С превентивной (и упреждающей) самообороной проделать такую «операцию» несколько сложнее, но возможно: в данном случае вторжение на иностранную территорию (или в дела соответствующего государства) происходит вынужденно, чтобы не допустить, скажем, нападения из-за границы банд террористов, что может привести к массовой гибели собственного населения. По сути своей это будет превентивная самооборона или упреждающая самооборона, а по форме – вторжение, интервенция в гуманитарных целях: заблаговременной защиты жизней собственных граждан. И гуманитарный аспект такой операции гораздо проще доказуем, чем всегда сложный политический процесс обоснования «в чистом виде» превентивной самообороны и упреждающей самообороны. Возможно, сочетание того и другого – оптимальный вариант (когда в этом есть необходимость).
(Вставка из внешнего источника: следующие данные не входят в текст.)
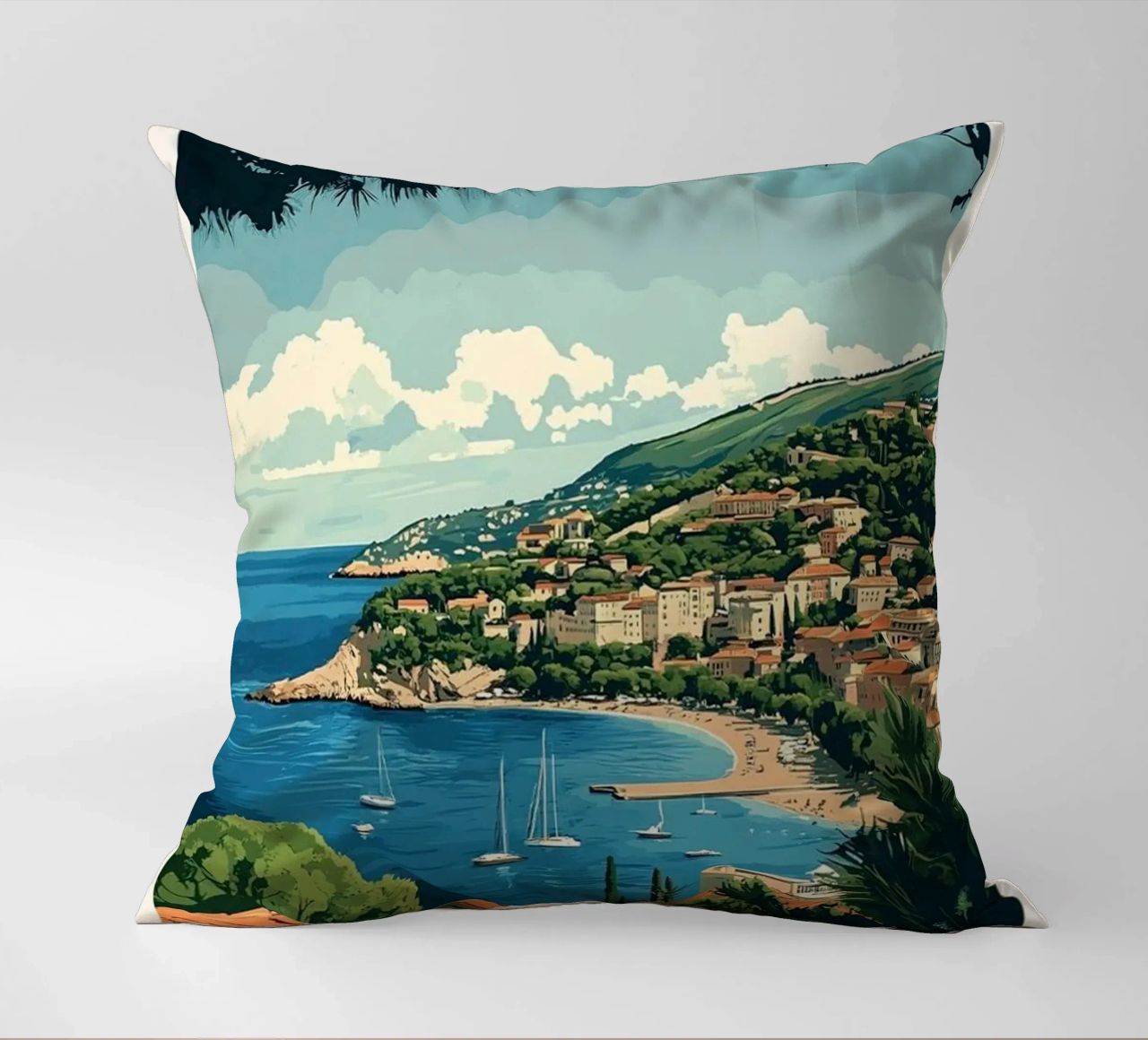 Come on visit travel Cote d'Azur Kissen von youngs print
Следует учитывать, что в государствах-членах ЕС не прекращаются дискуссии относительно содержания и правомерности ПМО и превентивной самообороны.

Чрезвычайную остроту эти дискуссии приобретают применительно к ведению вооруженной борьбы с терроризмом, а также упреждающих, превентивных акций с целью предотвратить жертвы среди мирного населения, геноцид на территории других государств [14].

В этом плане можно как объективный факт отметить тенденцию к признанию того, что недопущение или прекращение массового и грубого нарушения прав человека становится важнейшей целью ОПМ и ПМО[15].

Т.е. элемент «гуманитарной интервенции» здесь с очевидность присутствует. Это дает автору настоящей статьи возможность вводить в научный оборот новый термин «превентивная гуманитарная интервенция». (Во всяком случае, применительно к ПМО, которые осуществляются с указанными гуманитарными целями).

Суверенитет государства и его «внутренние дела», понимаемые в географическом, а не в существенном, предметном смысле, не могут служить щитом в таких крайних случаях. (Вспомним, еще Гуго Гроций, хотя и не доживший три года до «вестфальского суверенитета», отстаивал такой подход). Именно чрезвычайность ситуации, не оставляющей ни выбора иных средств, ни времени на размышление, позволяет утверждать о правомерности в таких случаях «гуманитарной интервенции», ОПМ и ПМО.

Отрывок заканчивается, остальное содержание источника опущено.